James Waller-DaviesJames Waller-Davies
James Waller-Davies

There’s nothing like the modern Christmas television offering to bring out a TV Scrooge in even the most optimistic viewer and this year’s season offering was pretty poor pickings over the corpse turkey of Christmases past.

Back in the Olden Days, when an orange at the bottom of a Christmas stocking was still a big deal, Christmas television was the universal gift. There was something for everything and the stations, all three of them, cared what they gave.

If a modern day Scrooge was time-travelled back and forth to the ghosts of television past, present and future, he’d not notice a jot of difference, as the repeats schedule gets stuck in a time-loop of lazy scheduling.

Repeats and tired sequels summed up the holiday movie offerings. It was a movie reworking of the Twelve Days of Christmas. ‘On the sixth day of Christmas my TV gave to me… six Police Academies, five Rocky Balboas, four Ice Ages, three Home Alones, two Sex In The Cities, and a Queen’s Speech in a pear tree.’

Throw in the entire Harry-the-Potter series, the obligatory James Bond film and the Disney canon and Christmas television merged into the uniform monotony of last Christmas, the one before that, and the one before that.

There were a few promising new offerings, in the way that ‘new’ means re-adapting something tried-and-tested from the past. The Witness for the Prosecution (BBC1) looked good on the trailer, but coming as it did from an Agatha Christie short story, a two-hour drama spread over two evenings stretched the material too thinly.

The same was true of Johnathan Creek (BBC1), which wallowed slightly out if its depth in its extended slot.
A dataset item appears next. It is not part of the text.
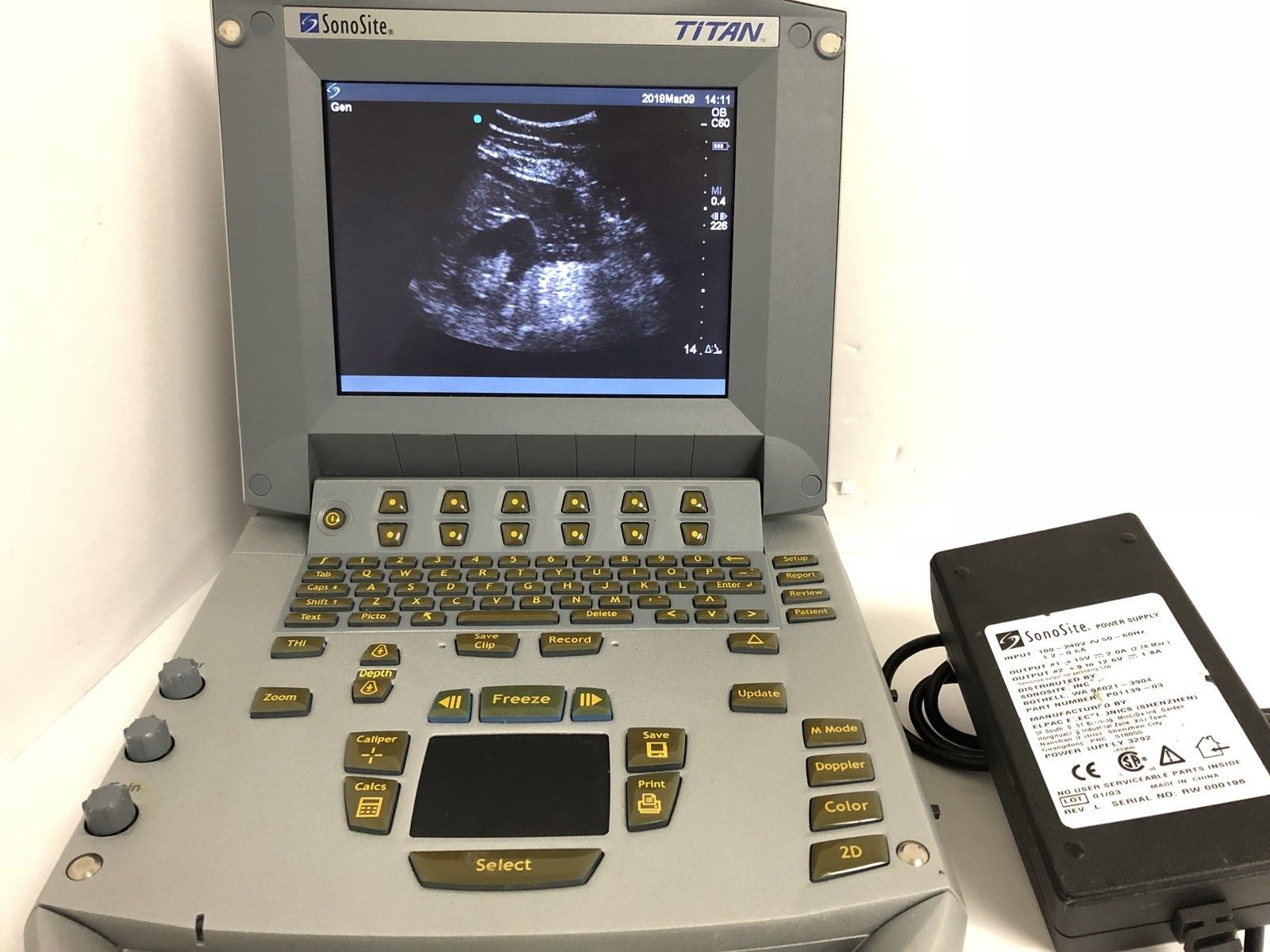 SONOSITE TITAN Ultrasound With C60/5-2 Convex Array Probe And Power Supply DIAGNOSTIC ULTRASOUND MACHINES FOR SALE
The reverse was so of To Walk Invisible (BBC1), a dramatisation of the life of the Brontë sisters. Whilst their collective novels continue to revel in screen adaptations, the lives of the three semi-reclusive sisters gets far less attention. It was a shame. This was a great production, but alas came to an abrupt end as the editor, being reminded of its two-hour time slot, chopped the ending and lazily finished the story in captions. They died. The end. A mini-series would have been the better option.

Adding the needed bitter antidote to the over-sweet schedules was the annual Charlie Brooker’s Wipe 2016 (BBC2). Brooker remains the unreconstructed Scrooge, with a face like Eeyore with a dental abscess, revelling in the misery of everything - and 2016 gave him more than enough material to give his morose gurn a good outing. Brexit, Trump, the Queen’s 90th birthday, daily celebrity deaths and war galore all got a poke with his acerbic stick.

The Christmas period kept up the pace of celebrity deaths set by the rest of the year. Rick Parfitt missed out on his fair share of news coverage as he got trumped a couple of days later by George Michael.

Michael, in turn, got his media eulogy gate-crashed by the death first of Carrie Fisher, and the then the next day by her mother, Debbie Reynolds. There are still a few hours of the year left: who’d bet against more joining the list?